E anche il Tevere… Mi rendo conto che chiedo molto, ma deve proprio “profumare” così d’estate? Cercare di amare e aiutare questo nostro fiume trascurato non significa metterci le bancarelle d’estate! Quando lo si costeggia, e soprattutto per chi è piuttosto indifferente alle luci rutilanti, è il nostro olfatto a dare l’idea della sua profonda sofferenza e della mancanza di cura.
Vorrei poter camminare sulle sue rive e sentire un profumo diverso, perché è parte della città, è parte della mia vita. Siamo una città di fiume, che non rispetta suo “padre”, il Tevere e forse, nonostante tutto, io vedo questo più dei vedenti che magari lo osservano ormai indifferenti.

Chiudo quindi queste riflessioni invitando i Lettori in un’altra città, la prossima volta. Vi piacerebbe che fosse una città europea? Oppure? Attendo indicazioni. E naturalmente invito tutti a replicare a quanto scritto. Annusate, toccate, ascoltate… la città è pronta a parlarvi!
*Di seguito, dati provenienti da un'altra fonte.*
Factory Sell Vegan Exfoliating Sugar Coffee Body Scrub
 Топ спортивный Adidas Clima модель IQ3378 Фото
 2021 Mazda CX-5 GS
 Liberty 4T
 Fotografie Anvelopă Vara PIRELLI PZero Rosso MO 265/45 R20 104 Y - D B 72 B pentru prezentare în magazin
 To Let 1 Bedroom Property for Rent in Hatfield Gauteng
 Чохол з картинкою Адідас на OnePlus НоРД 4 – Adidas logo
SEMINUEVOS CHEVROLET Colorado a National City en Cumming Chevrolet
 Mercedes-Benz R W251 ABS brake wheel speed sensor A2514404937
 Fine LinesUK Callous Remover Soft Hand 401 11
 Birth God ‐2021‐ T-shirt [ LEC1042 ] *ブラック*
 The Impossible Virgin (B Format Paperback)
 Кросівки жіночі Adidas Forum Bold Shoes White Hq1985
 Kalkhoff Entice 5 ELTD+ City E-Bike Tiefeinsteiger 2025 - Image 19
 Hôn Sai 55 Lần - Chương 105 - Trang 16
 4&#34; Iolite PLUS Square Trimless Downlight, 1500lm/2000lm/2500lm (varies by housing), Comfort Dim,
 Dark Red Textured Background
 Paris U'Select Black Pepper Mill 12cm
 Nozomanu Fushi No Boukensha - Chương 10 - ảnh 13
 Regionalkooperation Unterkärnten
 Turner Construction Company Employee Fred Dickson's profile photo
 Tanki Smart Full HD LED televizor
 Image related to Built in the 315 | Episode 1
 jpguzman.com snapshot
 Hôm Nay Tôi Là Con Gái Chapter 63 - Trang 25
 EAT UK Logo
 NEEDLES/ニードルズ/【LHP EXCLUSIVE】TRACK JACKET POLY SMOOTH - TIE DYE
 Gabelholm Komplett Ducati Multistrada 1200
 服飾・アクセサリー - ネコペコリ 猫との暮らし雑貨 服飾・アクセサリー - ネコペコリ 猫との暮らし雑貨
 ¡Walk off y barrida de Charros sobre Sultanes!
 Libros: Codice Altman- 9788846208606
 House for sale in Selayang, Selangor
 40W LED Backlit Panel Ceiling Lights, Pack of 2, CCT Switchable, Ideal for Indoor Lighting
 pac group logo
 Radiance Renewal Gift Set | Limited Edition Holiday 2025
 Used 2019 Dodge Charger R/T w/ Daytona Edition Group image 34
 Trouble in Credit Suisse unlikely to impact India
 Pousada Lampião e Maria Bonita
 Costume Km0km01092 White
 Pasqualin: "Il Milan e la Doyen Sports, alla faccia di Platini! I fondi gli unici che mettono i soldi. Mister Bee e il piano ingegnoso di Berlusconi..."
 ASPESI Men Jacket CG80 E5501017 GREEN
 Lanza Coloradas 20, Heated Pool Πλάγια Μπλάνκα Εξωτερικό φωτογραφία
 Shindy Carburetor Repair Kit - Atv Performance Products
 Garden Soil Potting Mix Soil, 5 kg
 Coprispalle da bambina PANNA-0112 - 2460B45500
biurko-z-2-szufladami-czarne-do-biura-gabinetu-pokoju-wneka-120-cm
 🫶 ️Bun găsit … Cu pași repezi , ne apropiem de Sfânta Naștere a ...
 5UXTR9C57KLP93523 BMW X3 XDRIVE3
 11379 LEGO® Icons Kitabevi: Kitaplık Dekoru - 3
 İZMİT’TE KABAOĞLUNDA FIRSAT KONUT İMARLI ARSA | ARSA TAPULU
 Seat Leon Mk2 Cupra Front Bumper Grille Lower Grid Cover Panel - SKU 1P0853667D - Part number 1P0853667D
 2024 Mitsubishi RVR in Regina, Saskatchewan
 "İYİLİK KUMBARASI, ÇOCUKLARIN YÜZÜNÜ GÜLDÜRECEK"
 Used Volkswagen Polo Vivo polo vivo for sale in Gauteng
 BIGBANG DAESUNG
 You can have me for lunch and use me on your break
*Scomparso nel marzo del 2012, Bruno Tescari, che fu anche tra i fondatori della FISH (Federazione Italiana per il Superamento dell’Handicap), è tuttora ricordato e rimpianto come uno dei più “tenaci combattenti della disabilità”, ciò che fu per decenni. Tra le sue pubblicazioni – mai scontate, mai banali, così come le iniziative proposte e le opinioni espresse – vi fu anche Accesso al cesso, ove aveva affrontato a modo suo la problematica delle barriere architettoniche dei servizi igienici.